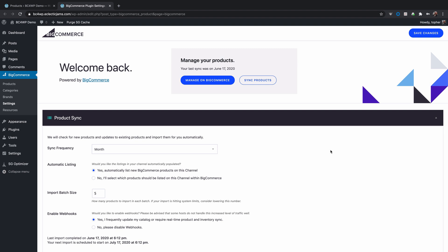Hi, this is Topher with BigCommerce. Products in BigCommerce for WordPress sync on a regular schedule.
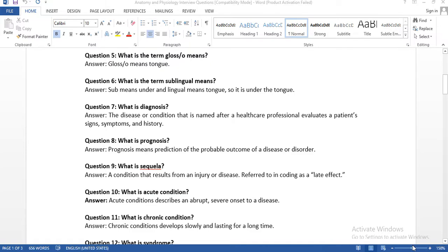The next question: what is the term 'glosso'? 'Gloss' is the prefix, 'o' is the combining vowel, and glosso means tongue. For example, glossitis — 'itis' means inflammation — so glossitis means inflammation of the tongue. You need to know your suffixes.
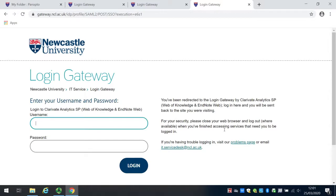Whenever you're on a database such as Web of Science, always watch out for a link that says something like institutional login or institutional sign-in, and it will give you access through the single sign-in to the database.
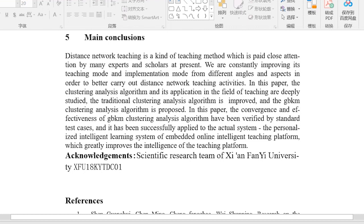In this paper, the convergence and effectiveness of the GBKM clustering analysis algorithm have been verified by standard test cases, and it has been successfully applied to the actual system — the personalized intelligent learning system of an embedded online intelligent teaching platform — which greatly improves the intelligence of the teaching platform.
□ □ □ □
TO DO - In the answer, the data should reappear exactly, with no pictures.

RESULT OF THE TASK -
Hi, this is Topher with BigCommerce. Products in BigCommerce for WordPress sync on a regular schedule.
The next question: what is the term 'glosso'? 'Gloss' is the prefix, 'o' is the combining vowel, and glosso means tongue. For example, glossitis — 'itis' means inflammation — so glossitis means inflammation of the tongue. You need to know your suffixes.
Whenever you're on a database such as Web of Science, always watch out for a link that says something like institutional login or institutional sign-in, and it will give you access through the single sign-in to the database.
In this paper, the convergence and effectiveness of the GBKM clustering analysis algorithm have been verified by standard test cases, and it has been successfully applied to the actual system — the personalized intelligent learning system of an embedded online intelligent teaching platform — which greatly improves the intelligence of the teaching platform.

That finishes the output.